Der Zweck hat sich mittlerweile geändert, nicht aber der soziale Aspekt. Freiwillige junge Leute werden auf Baustellen entsandt, wenn soziale oder kirchliche Einrichtungen gebaut werden: Kinderheime, Begegnungsstätten, Obdachlosen-Asyle, Altenheime oder Kirchen und Klöster. Voraussetzung ist, dass es sich um einen Bau von erheblichem öffentlichem Interesse handelt.

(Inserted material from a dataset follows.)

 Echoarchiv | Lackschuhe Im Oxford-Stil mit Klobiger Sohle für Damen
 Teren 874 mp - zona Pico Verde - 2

Die Mitarbeiter-Struktur ist vielschichtig. Meist handelt es sich nicht um Fachleute, sondern um sozial engagierte Menschen. Sie erhalten freie Kost und Logis sowie ein monatliches Taschengeld. Der Bauherr braucht für die Arbeit nichts zu bezahlen, allenfalls die Versorgung.
Bauherr ist Günter Kreuzpaintner aus Helmstadt. Mit seiner Firma „Cura fiducia“ (Sorge für Zuversicht) berät der gelernte Altenpfleger und Lehrer für Pflegeberufe seit 2003 Altenheime hinsichtlich ihrer inhaltlichen Entwicklung. Dazu hat er ein „Beziehungs- und Zuwendungsmodell“ (BZM) entwickelt.

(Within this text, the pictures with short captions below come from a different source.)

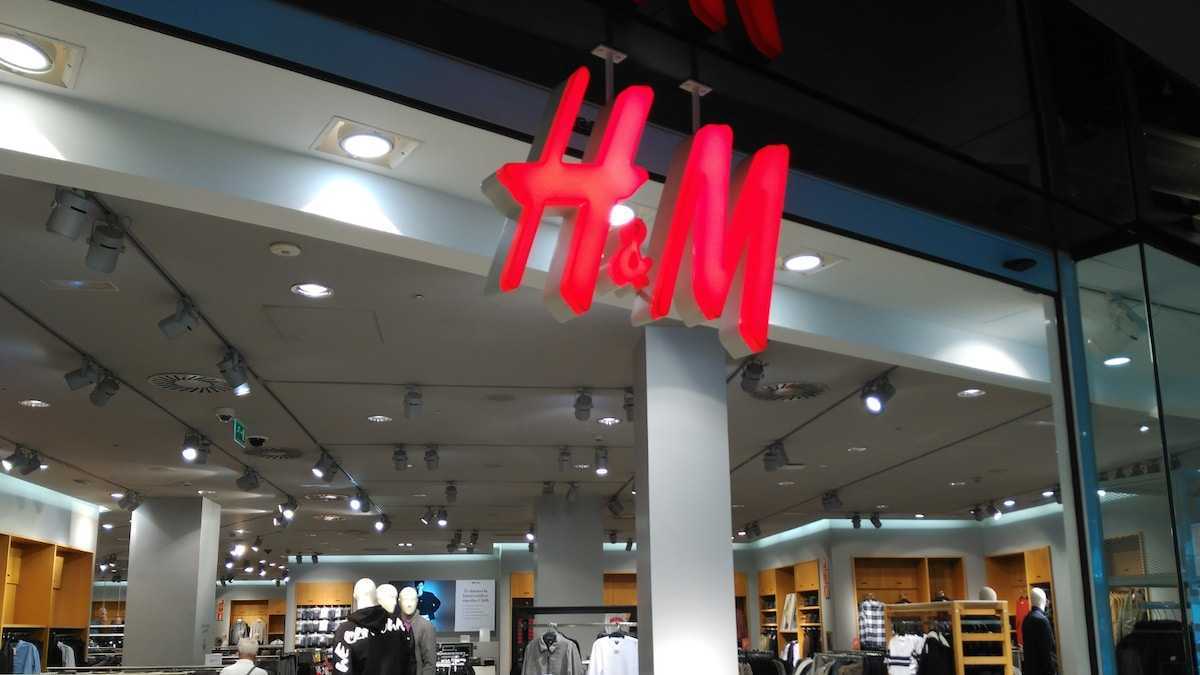 H&M frappe fort et dévoile sa nouvelle doudoune, sublime à moins de 30 euros !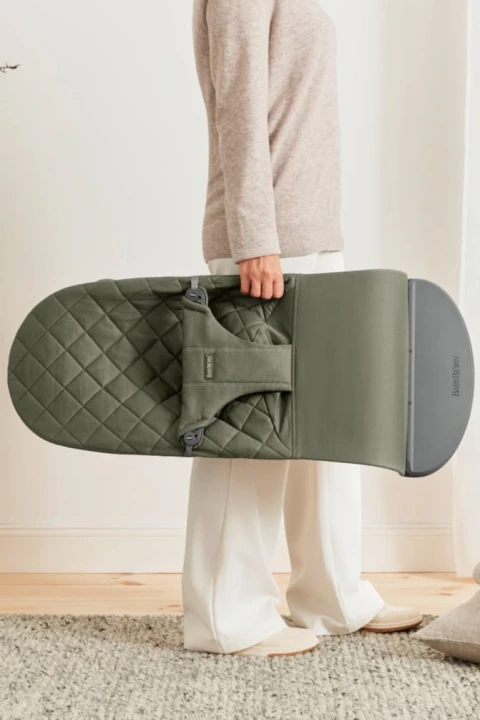 pol_pl_BABYBJORN-lezaczek-BLISS-Woven-Ciemnozielony-32899_4.jpg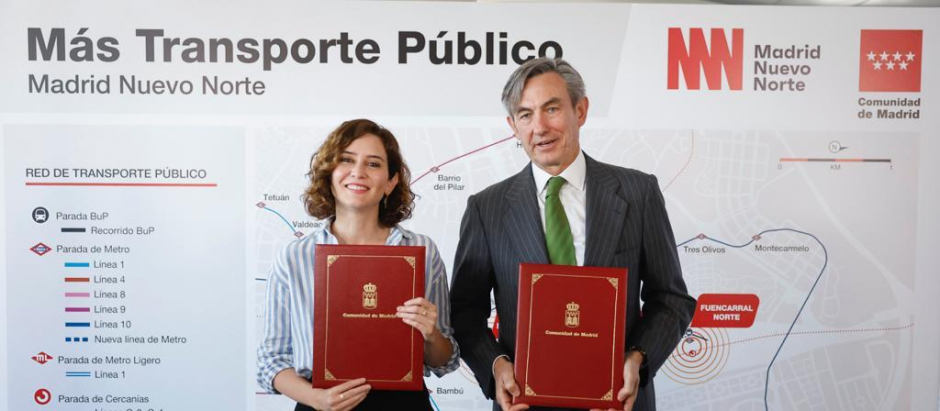 Isabel Díaz Ayuso con elpresidente de Distrito Castellana Norte, Álvaro Aresti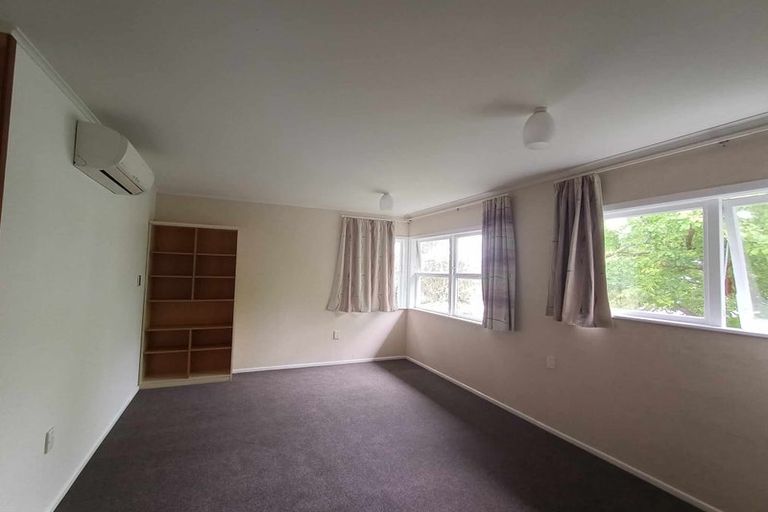 Photo of property in 44 Waverley Avenue, Glenfield, Auckland, 0629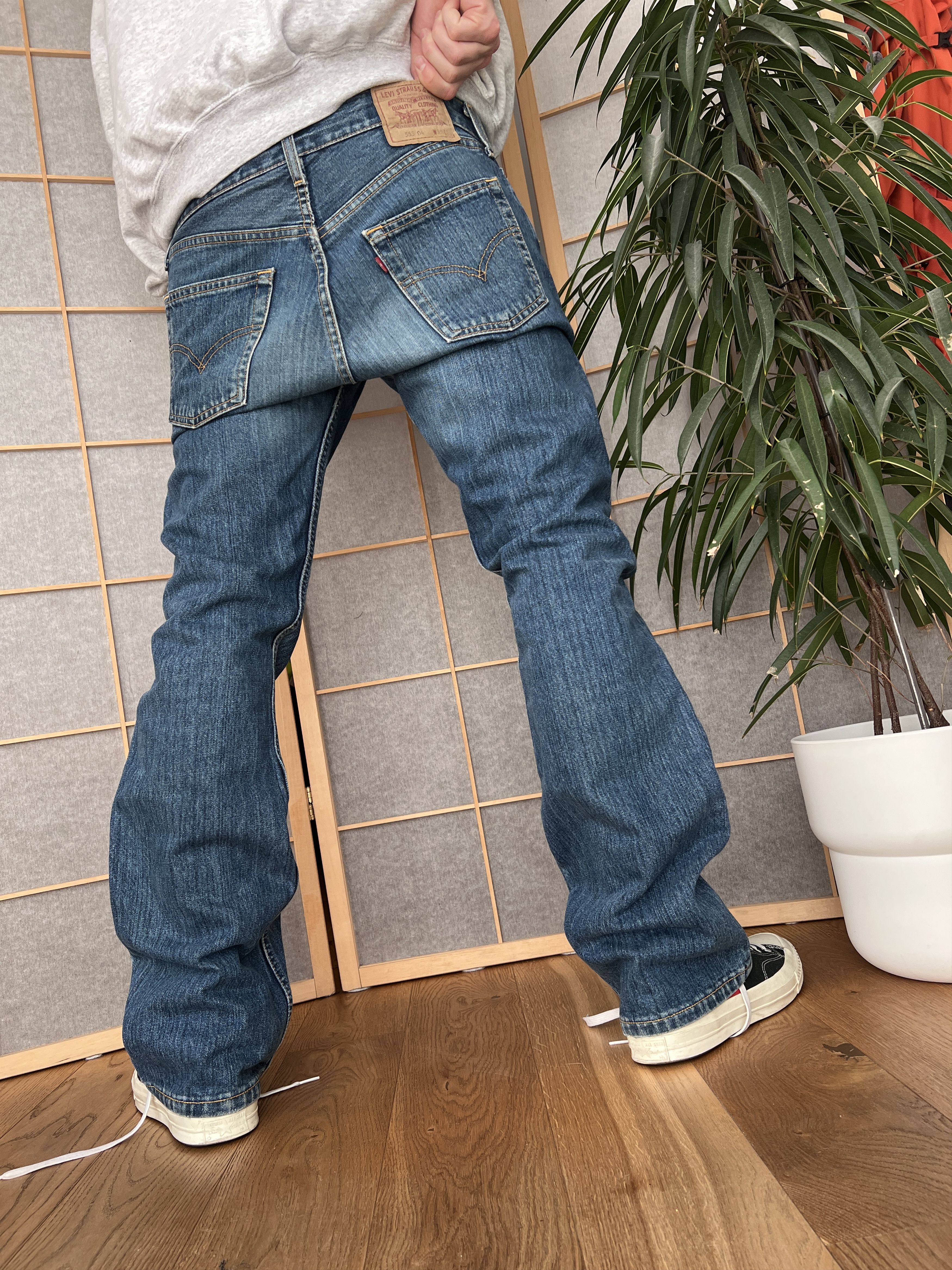 Levi's Vintage Clothing Levis 555 04 Flared boot cut vintage 2000s Retro denim jeans Size US 32 / EU 48 - 2 Thumbnail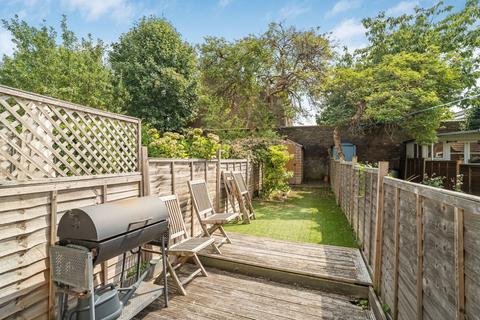 65a Vanderbilt Road, London, SW18 3BG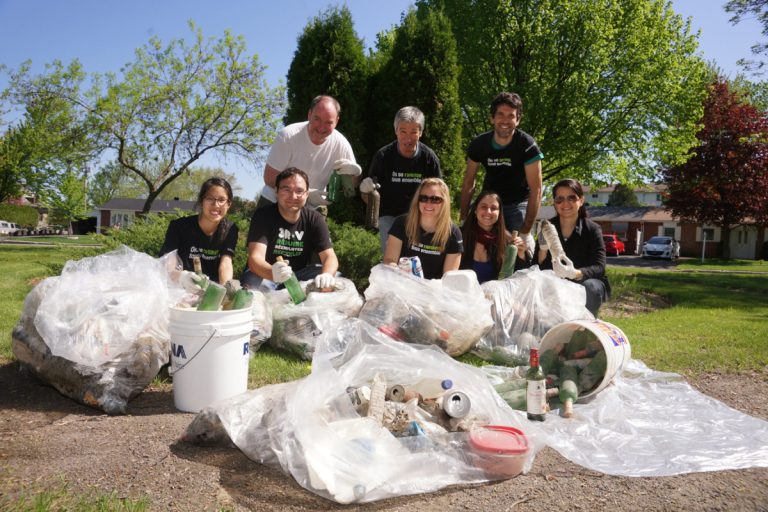 Les verts demandent d’élargir la consigne à tous les contenants Un groupe d'environnementalistes exhibe le butin amassé dans le fossé longeant l'avenue des Terrasses, dans le secteur Auteuil, au terme d'une activité publique de nettoyage.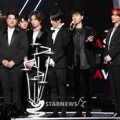 Super Junior Saat Raih Piala AAA Fabulous Award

Das Helmstadter Gebäude hat er von der Familie Lurz erworben. Bis März soll das Erdgeschoss bezogen werden. Darin will Kreuzpaintner eine ambulante Betreuungsstation für Demenzkranke sowie ein Bistro als Begegnungsstätte mit angeschlossenem Eine-Welt-Laden unterbringen.
Später will er im Obergeschoss eine flexible Kinderbetreuungsstätte anbieten. Nicht als Konkurrenz zum Kindergarten, sondern als Möglichkeit, Kinder ganz früh oder am Abend unterzubringen, wenn Eltern gerade keine Zeit haben und der Kindergarten geschlossen hat. Auch den rückwärtigen Teil des ehemaligen Bauernhofes will er in geeigneter Form nutzen. Wie genau, wird er erst entscheiden, wenn er einige Erfahrungen mit der Nutzung gesammelt hat.

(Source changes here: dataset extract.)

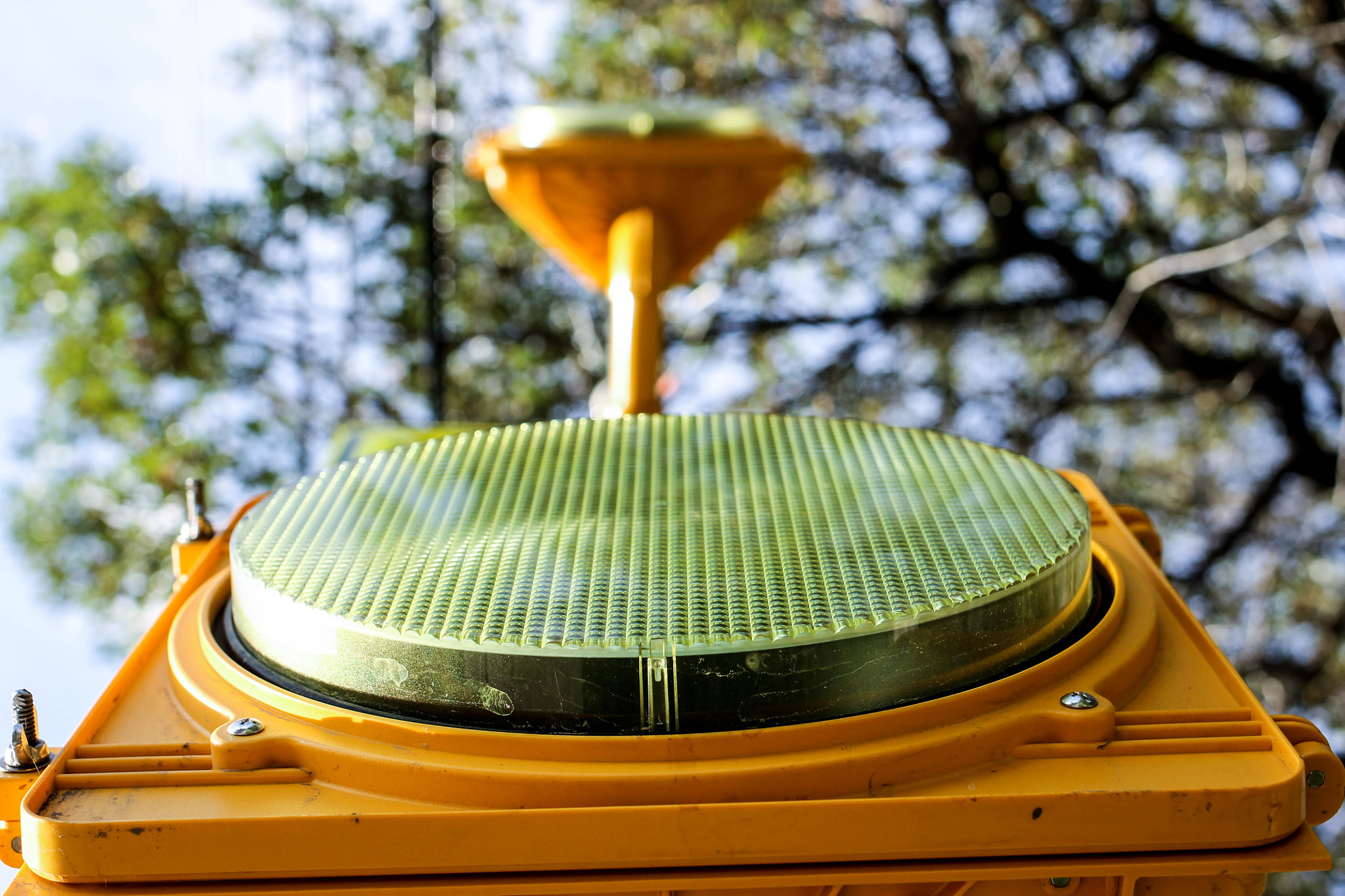 Canon EF 35mm F2 IS USM sample photo. Traffic light photography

Noch eine Woche bleiben die jungen Leute in Helmstadt. Die Wohnung für sie hat die Metzgerei Müller zur Verfügung gestellt. Versorgt werden sie ehrenamtlich von drei Frauen aus dem Ort. Der Obst- und Gartenbauverein hat sein Wasserhäuschen zum Speisesaal umfunktioniert. An diesem Samstag unternimmt die Truppe um Günter Kreuzpaintner einen Ausflug nach Würzburg und in die nähere Umgebung. Nächste Woche stoßen zwei weitere Helfer dazu.
Untereinander verstehen sich die jungen Männer und Frauen blendend, weiß Kreuzpaintner. Die Nationalitäten – holländisch, deutsch, bulgarisch, georgisch und russisch – bilden keine Barrieren; alle sprechen mehr oder weniger gut englisch.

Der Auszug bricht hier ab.